Does the Tietze extension theorem hold for maps into R if on R we put the semi open interval topology? I guess the above is false, so I'm trying to find a counter example. The only thing I found is the whole space should not be compact. If not, the statement is true directly from the Tietze extension.
Any help will be appreciated.
 A: No, this does not hold, as $\mathbb{R}$ in the lower limit topology $\mathcal{T}_l$, generated by all sets of the form $(a,b]$ (or homeomorphically by sets $[a,b)$ if one prefers) (a. k.a. the Sorgenfrey line) is zero-dimensional and thus totally disconnected. 
This implies that any continuous function $f : X \to \mathbb{R}$ is constant whenever $X$ is connected. So for connected normal spaces we don't have Urysohn functions to separate the closed sets.
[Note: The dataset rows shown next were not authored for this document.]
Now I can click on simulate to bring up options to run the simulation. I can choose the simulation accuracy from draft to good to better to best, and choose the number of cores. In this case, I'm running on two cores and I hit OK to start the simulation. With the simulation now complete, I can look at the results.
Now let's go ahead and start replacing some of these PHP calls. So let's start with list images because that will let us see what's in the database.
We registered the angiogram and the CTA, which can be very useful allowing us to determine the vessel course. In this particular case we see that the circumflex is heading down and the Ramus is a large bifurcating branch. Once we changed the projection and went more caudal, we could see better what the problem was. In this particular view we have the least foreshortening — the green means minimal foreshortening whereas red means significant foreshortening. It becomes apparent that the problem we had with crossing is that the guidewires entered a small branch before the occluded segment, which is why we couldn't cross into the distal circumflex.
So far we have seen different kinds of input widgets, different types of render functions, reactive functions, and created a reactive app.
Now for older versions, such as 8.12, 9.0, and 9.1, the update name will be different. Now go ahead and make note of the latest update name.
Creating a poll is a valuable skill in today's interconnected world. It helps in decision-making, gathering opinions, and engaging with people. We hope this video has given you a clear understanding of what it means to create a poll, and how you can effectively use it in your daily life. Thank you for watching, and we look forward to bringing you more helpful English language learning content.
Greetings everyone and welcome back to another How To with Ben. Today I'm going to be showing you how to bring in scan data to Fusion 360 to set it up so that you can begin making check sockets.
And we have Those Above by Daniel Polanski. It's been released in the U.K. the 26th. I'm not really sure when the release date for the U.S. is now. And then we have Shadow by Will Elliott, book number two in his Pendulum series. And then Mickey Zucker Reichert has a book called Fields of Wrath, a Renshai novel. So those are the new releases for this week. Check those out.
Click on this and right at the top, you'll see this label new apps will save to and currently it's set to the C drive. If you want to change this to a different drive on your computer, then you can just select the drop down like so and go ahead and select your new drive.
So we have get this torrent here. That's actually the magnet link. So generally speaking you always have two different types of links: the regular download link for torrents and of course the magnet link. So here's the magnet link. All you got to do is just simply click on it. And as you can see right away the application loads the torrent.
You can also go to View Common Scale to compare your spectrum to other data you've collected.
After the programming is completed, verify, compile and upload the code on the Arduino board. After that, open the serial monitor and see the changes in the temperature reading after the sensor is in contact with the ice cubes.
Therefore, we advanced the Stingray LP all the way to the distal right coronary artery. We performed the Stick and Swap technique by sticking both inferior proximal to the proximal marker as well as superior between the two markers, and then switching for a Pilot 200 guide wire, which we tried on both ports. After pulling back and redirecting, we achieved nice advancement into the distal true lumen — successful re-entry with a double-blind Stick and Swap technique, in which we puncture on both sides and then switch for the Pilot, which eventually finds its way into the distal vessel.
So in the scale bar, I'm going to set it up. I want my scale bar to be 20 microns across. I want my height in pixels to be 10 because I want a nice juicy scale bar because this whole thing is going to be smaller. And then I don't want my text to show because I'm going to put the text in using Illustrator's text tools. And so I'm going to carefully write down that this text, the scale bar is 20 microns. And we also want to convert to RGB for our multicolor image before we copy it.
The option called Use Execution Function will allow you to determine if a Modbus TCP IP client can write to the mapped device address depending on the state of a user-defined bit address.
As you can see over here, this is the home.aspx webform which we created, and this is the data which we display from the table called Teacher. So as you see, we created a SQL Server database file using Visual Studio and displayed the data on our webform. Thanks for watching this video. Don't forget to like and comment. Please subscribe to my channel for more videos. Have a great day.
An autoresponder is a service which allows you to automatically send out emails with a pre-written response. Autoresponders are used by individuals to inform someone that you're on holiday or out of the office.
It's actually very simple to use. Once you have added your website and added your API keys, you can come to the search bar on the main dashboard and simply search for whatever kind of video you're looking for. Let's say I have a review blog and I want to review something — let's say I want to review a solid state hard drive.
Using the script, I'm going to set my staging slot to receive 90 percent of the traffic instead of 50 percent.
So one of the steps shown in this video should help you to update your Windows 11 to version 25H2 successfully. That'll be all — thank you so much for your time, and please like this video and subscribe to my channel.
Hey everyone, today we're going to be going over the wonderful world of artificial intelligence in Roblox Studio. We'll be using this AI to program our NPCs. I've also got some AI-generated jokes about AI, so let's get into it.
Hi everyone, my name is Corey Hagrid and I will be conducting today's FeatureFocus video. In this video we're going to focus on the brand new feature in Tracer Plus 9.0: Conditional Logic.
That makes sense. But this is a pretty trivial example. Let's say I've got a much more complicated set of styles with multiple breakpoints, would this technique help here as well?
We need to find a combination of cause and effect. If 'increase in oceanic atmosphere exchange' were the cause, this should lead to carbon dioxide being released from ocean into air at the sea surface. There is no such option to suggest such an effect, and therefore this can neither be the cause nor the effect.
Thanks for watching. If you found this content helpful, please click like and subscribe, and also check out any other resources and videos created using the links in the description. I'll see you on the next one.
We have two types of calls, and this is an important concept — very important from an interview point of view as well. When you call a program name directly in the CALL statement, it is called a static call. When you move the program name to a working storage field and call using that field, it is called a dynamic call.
A: I guess you mean the topology generated by the half-open intervals $[a,b)$. It's called the lower limit topology: https://en.wikipedia.org/wiki/Lower_limit_topology
You are asking if the Tietze extension theorem still holds on a space $X$ (I assume normal) if the topology on $R$ is not the standard topology (as it is in the usual Tietze extension theorem) but is instead the half-open interval topology. 
I think the semi-open Tietze extension property will imply a semi-open Urysohn lemma property in the usual way: http://at.yorku.ca/cgi-bin/bbqa?forum=ask_a_topologist_2001&task=show_msg&msg=0263.0001
But R with the lower limit topology is completely disconnected. So any continuous function from a connected space $X$ to $R$ will be constant. So, if $X$ is connected, a semi-open Urysohn lemma cannot hold, hence a semi-open Tietze theorem cannot hold.